TASK ITEM – Reproduce only this stretch of the listing below: from the line with "PELICAN COVE - Residential" through the line with "334 W Lynwood", exactly as written, with pictures excluded.

SUPPLIED MATERIAL section start

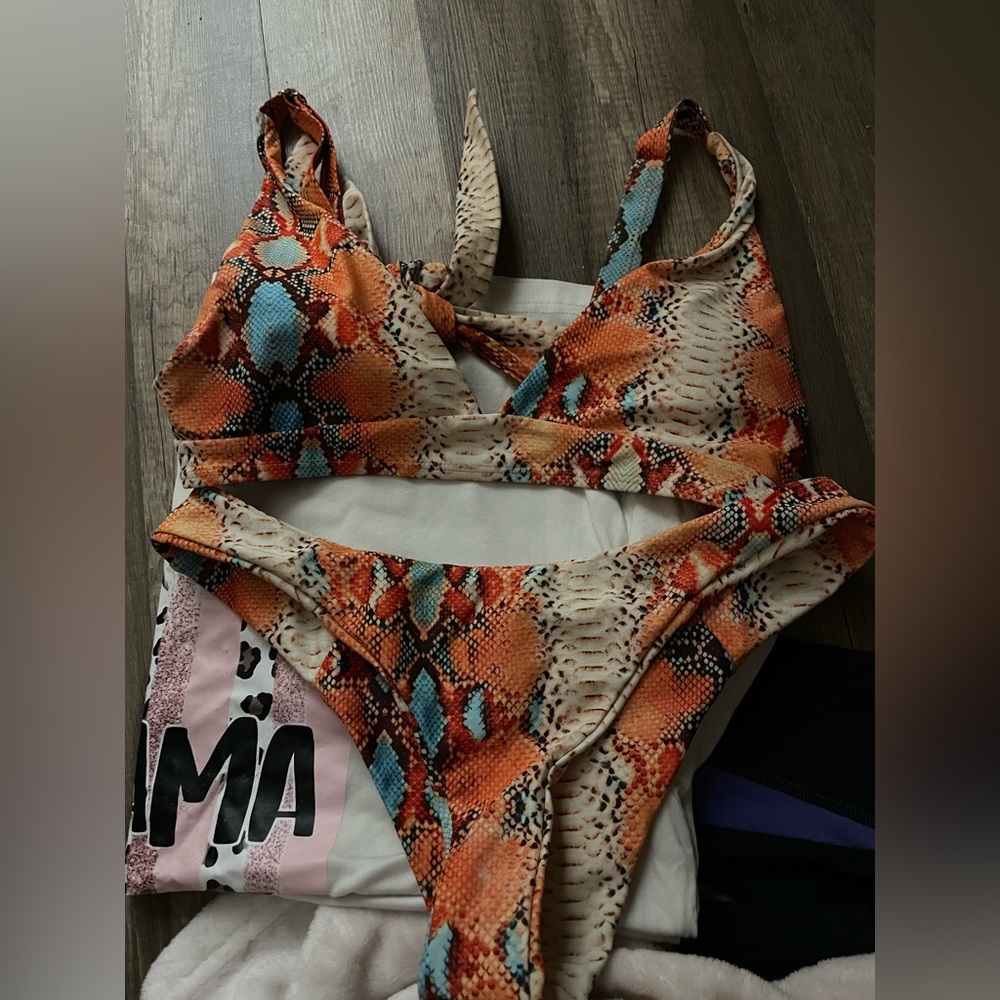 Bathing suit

SUPPLIED MATERIAL section end
SUPPLIED MATERIAL section start

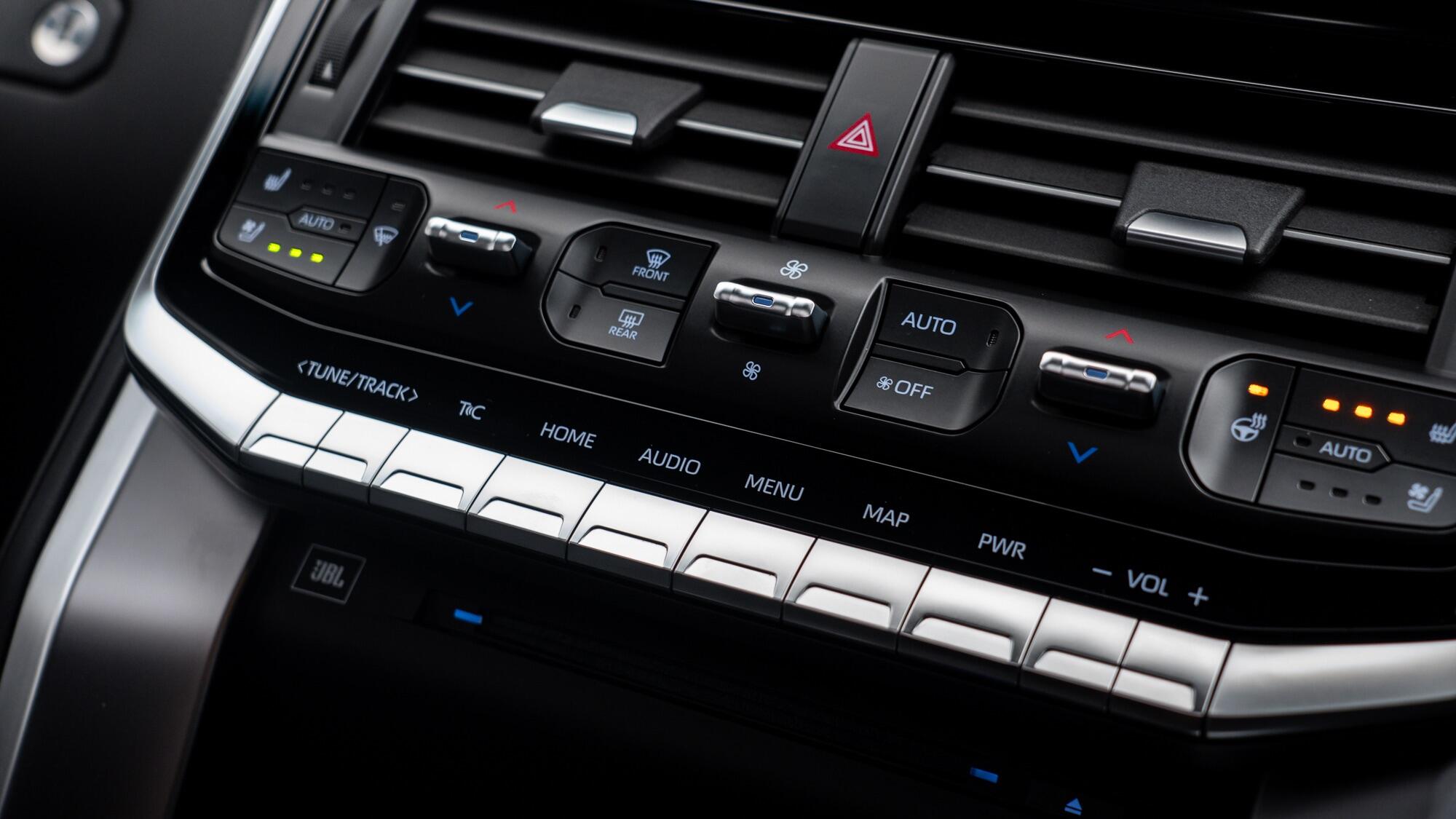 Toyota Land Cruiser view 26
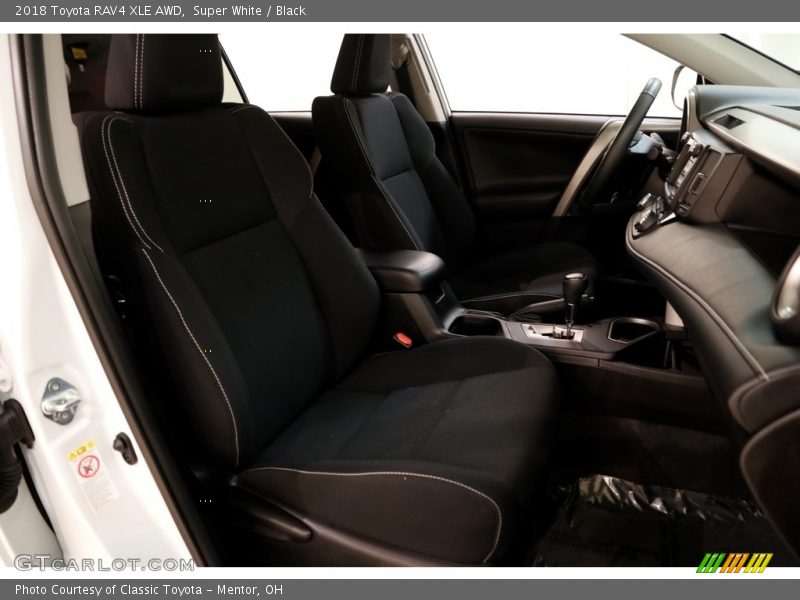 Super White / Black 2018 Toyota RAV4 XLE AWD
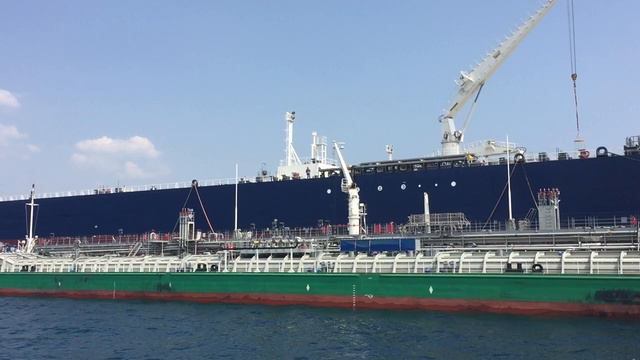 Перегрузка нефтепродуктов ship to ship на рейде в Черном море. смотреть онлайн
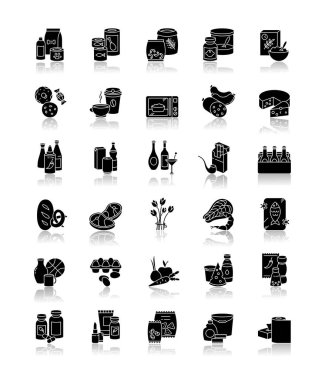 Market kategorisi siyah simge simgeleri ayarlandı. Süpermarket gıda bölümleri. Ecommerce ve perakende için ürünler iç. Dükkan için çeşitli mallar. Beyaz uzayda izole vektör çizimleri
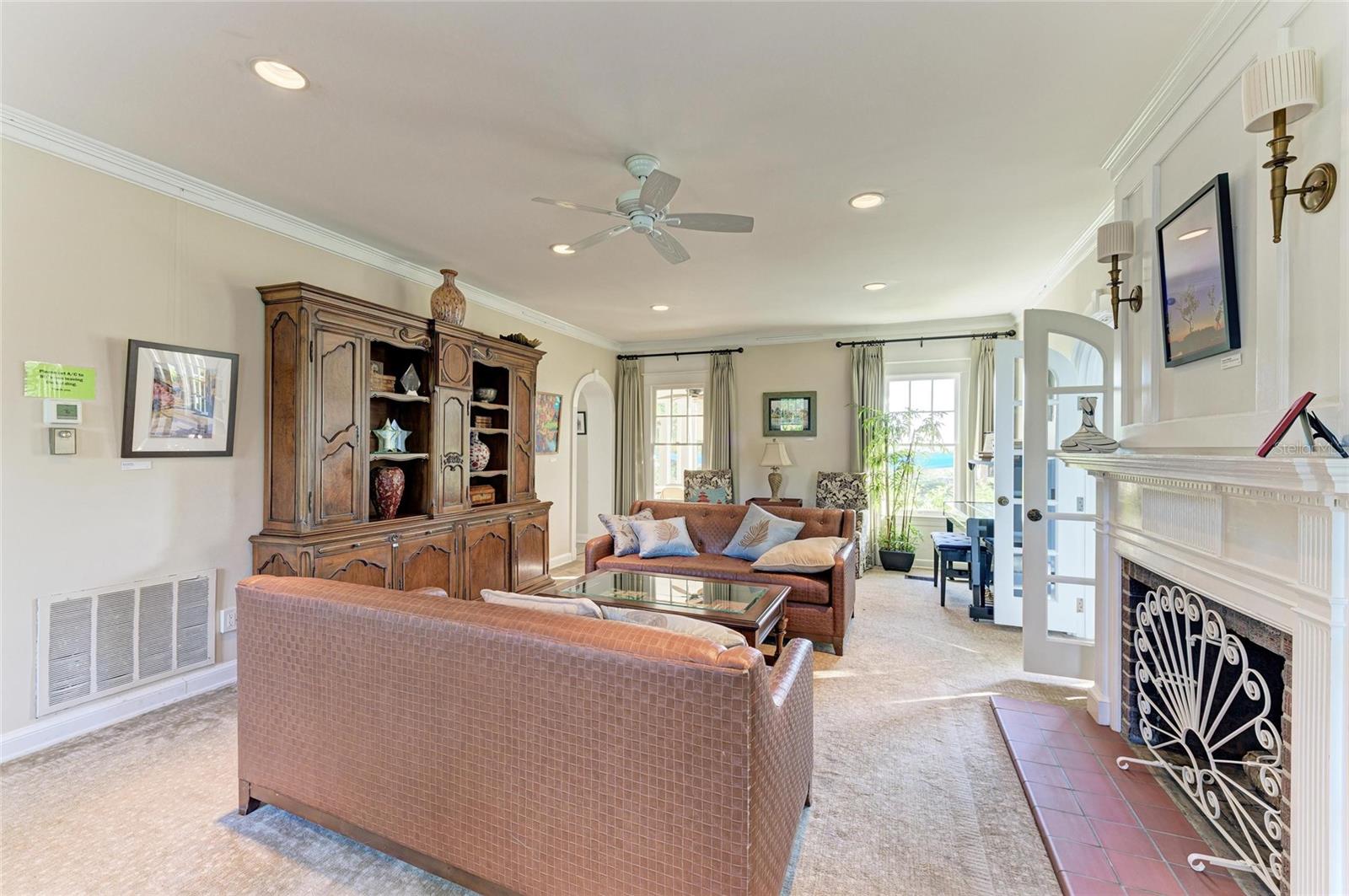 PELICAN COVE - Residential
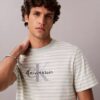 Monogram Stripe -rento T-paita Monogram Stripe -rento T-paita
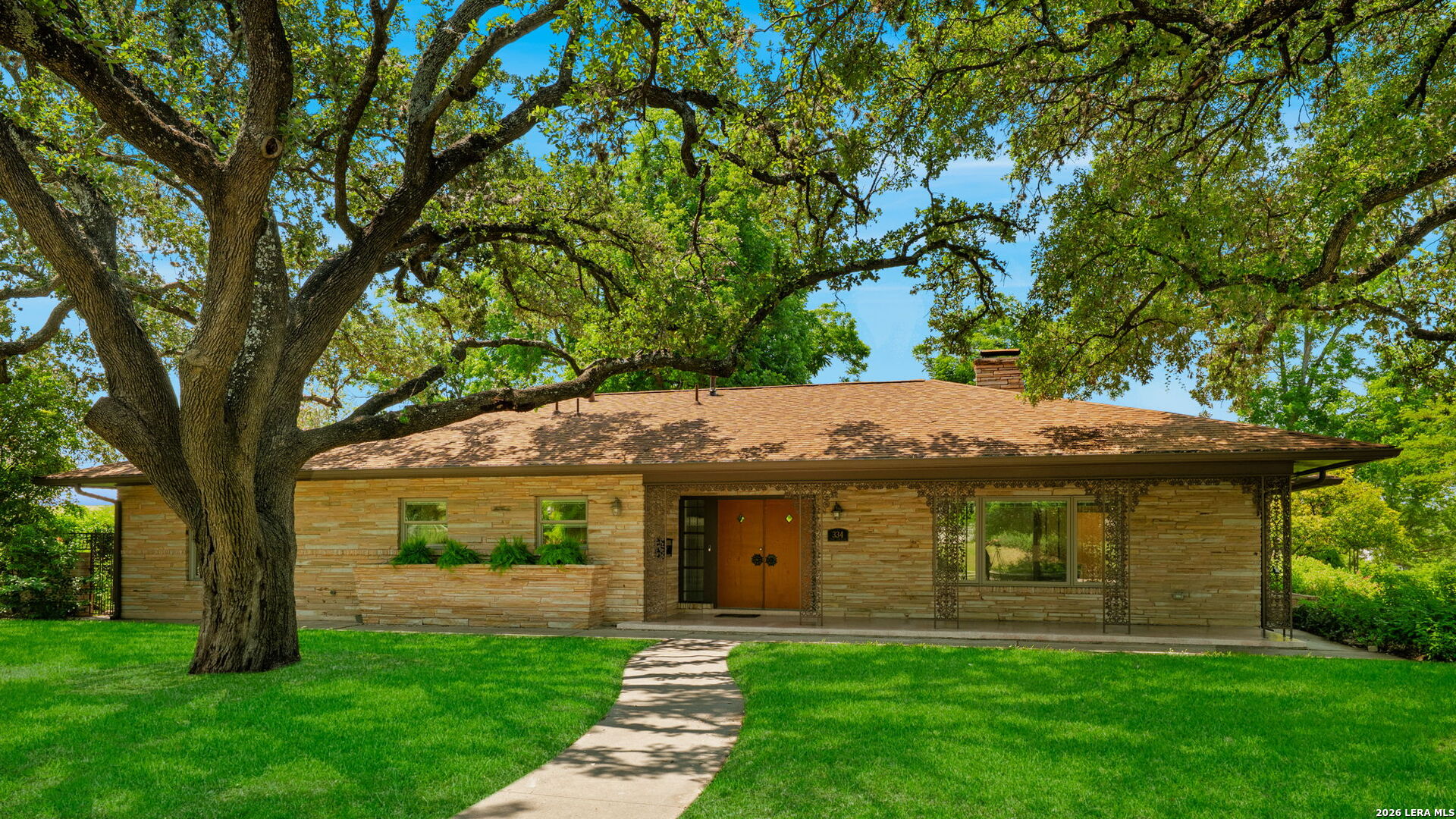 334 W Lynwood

SUPPLIED MATERIAL section end
SUPPLIED MATERIAL section start

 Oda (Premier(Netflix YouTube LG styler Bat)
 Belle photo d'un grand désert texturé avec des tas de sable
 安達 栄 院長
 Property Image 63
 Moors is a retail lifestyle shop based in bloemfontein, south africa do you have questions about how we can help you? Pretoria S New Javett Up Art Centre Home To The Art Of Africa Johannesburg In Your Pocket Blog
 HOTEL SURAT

SUPPLIED MATERIAL section end

COMPLETED TASK –
 PELICAN COVE - Residential
 Monogram Stripe -rento T-paita Monogram Stripe -rento T-paita
 334 W Lynwood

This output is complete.